- Top WHO experts seem to disagree on whether Omicron can spell the end of the pandemic.
- On Sunday, the WHO’s regional director for Europe suggested that the edition could mark the beginning of an “endgame” for Europe.
- But on Monday, the head of the WHO said it was “dangerous to believe” that Omicron is the final version.
Top World Health Organization officials expressed conflicting views on whether Omicron’s dominance signals a possible end to the pandemic.
The Director-General of the World Health Organization on Monday cautioned against assuming that the pandemic is approaching an “endgame” and said it is now “dangerous” to believe that Omicron will be the final version.
“In contrast, globally, conditions are ideal for more variants to emerge,” said Dr. Tedros Adhanom Ghebreyesus during a briefing in Geneva.
“There are different scenarios for how the pandemic might play out. And how the acute phase might end. But it’s dangerous to assume that O’Micron will be the final version or that we’re in the endgame,” he said.
His warning came as health experts and pundits raised hopes that a more contagious yet reportedly mild omicron variant could signal the final stretch of the pandemic’s rapid period.
A day earlier, the WHO’s regional director for Europe, Hans Kluge, told Agence France Presse that “it is plausible that the region is moving towards the end of a kind of pandemic.”
Given how Omicron is spreading across Europe, the region will experience “a global immunity in quite a few weeks and months” due to immunity from both infections and vaccines and the “low season”, Kluge said.
“We anticipate that there will be a period of peace before COVID-19 returns at the end of the year, but the pandemic does not necessarily return,” Kluge said.
Europe has reported nearly 115 million COVID infections among its 750 million residents.
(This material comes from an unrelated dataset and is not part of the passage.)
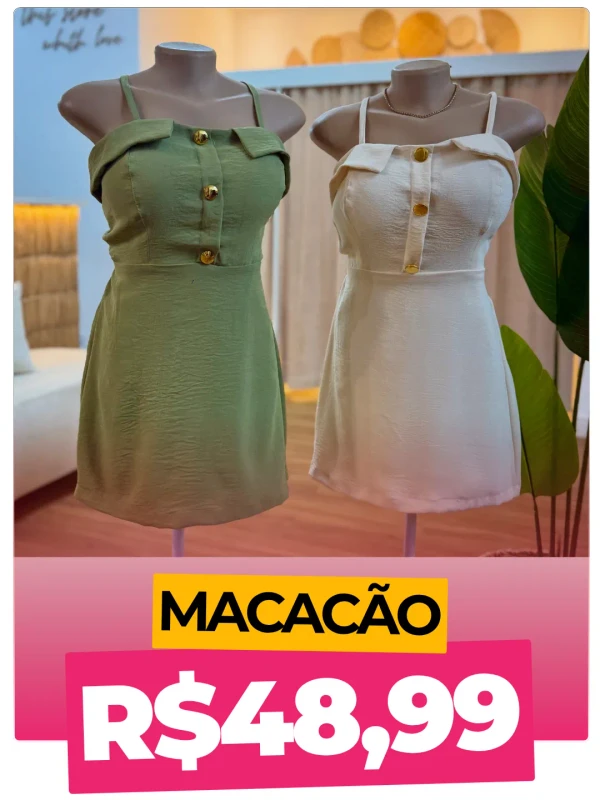 LOJA BLESS MODA T019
According to the European Center for Disease Prevention and Control, Omicron, which is believed to induce less severe disease than Delta but can still cause hospitalization and death, is now the cause of the virus in most European countries. The main stress.
Top US health expert Anthony Fauci also presented a rosier outlook for Americans, saying on Sunday that he was “as confident as you can be” that Omicron would peak in most states by mid-February.
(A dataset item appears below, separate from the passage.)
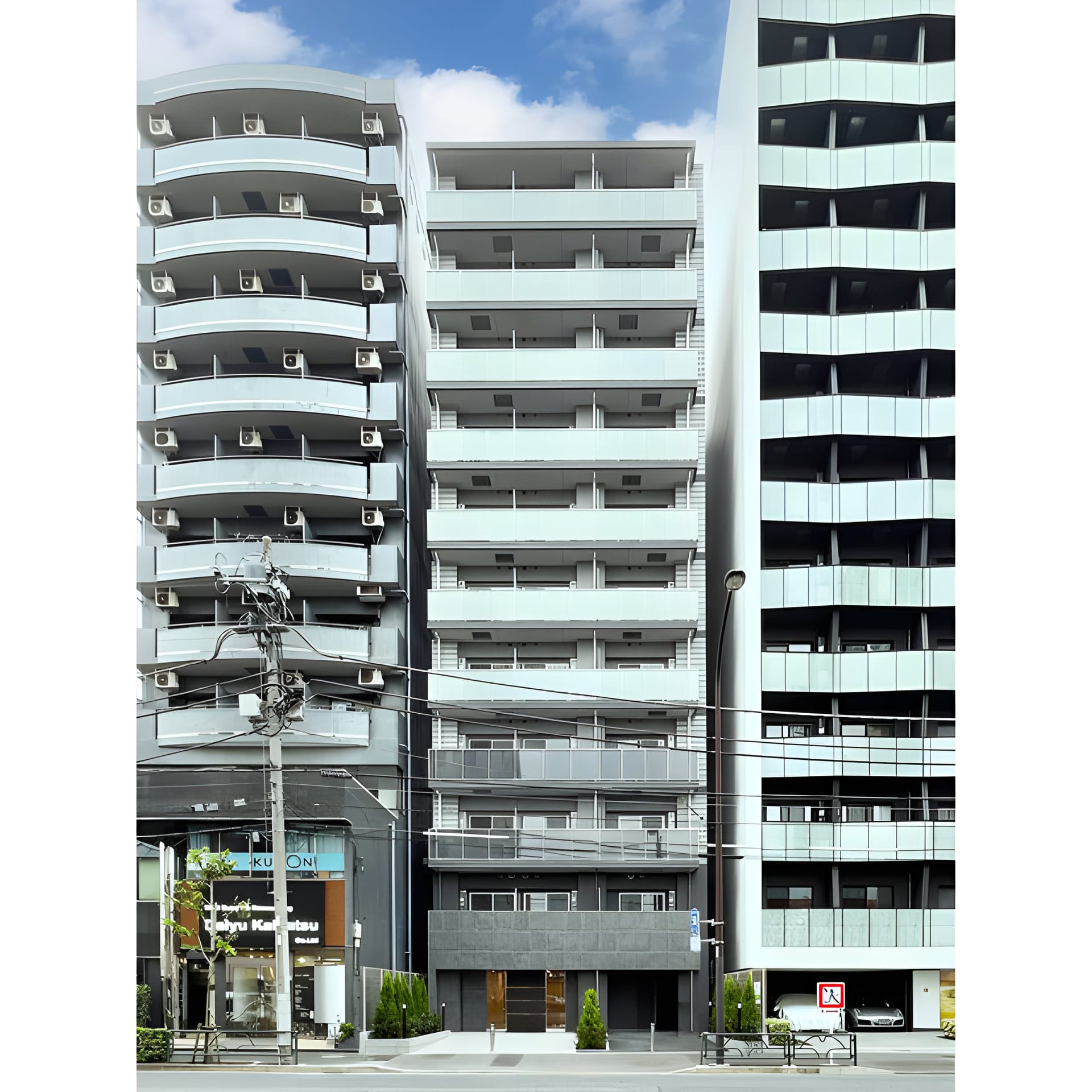 プライマル西大島駅前 0404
He told ABC’s “This Week” that the US will begin to see “changes” with the pandemic as daily cases begin to decline.
The US reported nearly 222,000 COVID-19 cases on Monday, while cases rose to a record 1.3 million on January 10. Omicron now also has the highest number of COVID cases in the US.
Still, all three experts – Tedros, Kluge and Fauci – urged caution and advised against overconfidence.
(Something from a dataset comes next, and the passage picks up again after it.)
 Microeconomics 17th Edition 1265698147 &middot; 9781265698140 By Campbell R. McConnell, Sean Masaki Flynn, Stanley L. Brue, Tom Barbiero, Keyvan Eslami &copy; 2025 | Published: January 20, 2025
“There’s a lot of talk about endemic, but endemic means it’s possible to predict what’s going to happen. This virus has taken us by surprise more than once, so we have to be very careful,” Kluge told AFP. Will happen.”
Tedros offered some bullishness on the pandemic, saying that COVID-19 may no longer be a global health emergency in 2022 if the world rallies to hit the WHO’s targets, which include 70 of each country’s population. % vaccination and closely monitoring its spread. Virus to take new forms.
The WHO has long condemned the huge gap in access to vaccines between poor and rich countries. Tedros warned repeatedly that leaving large populations around the world unvaccinated would affect every country’s progress against the pandemic.
“It is true that we will live with COVID for the foreseeable future and we need to learn to manage it through a continuous and integrated system for acute respiratory diseases, which will provide a platform for preparedness for future pandemics,” Tedros said.
“But learning to live with COVID doesn’t mean we give this virus a free ride. It may not mean we accept about 50,000 deaths a week from a preventable and treatable disease.”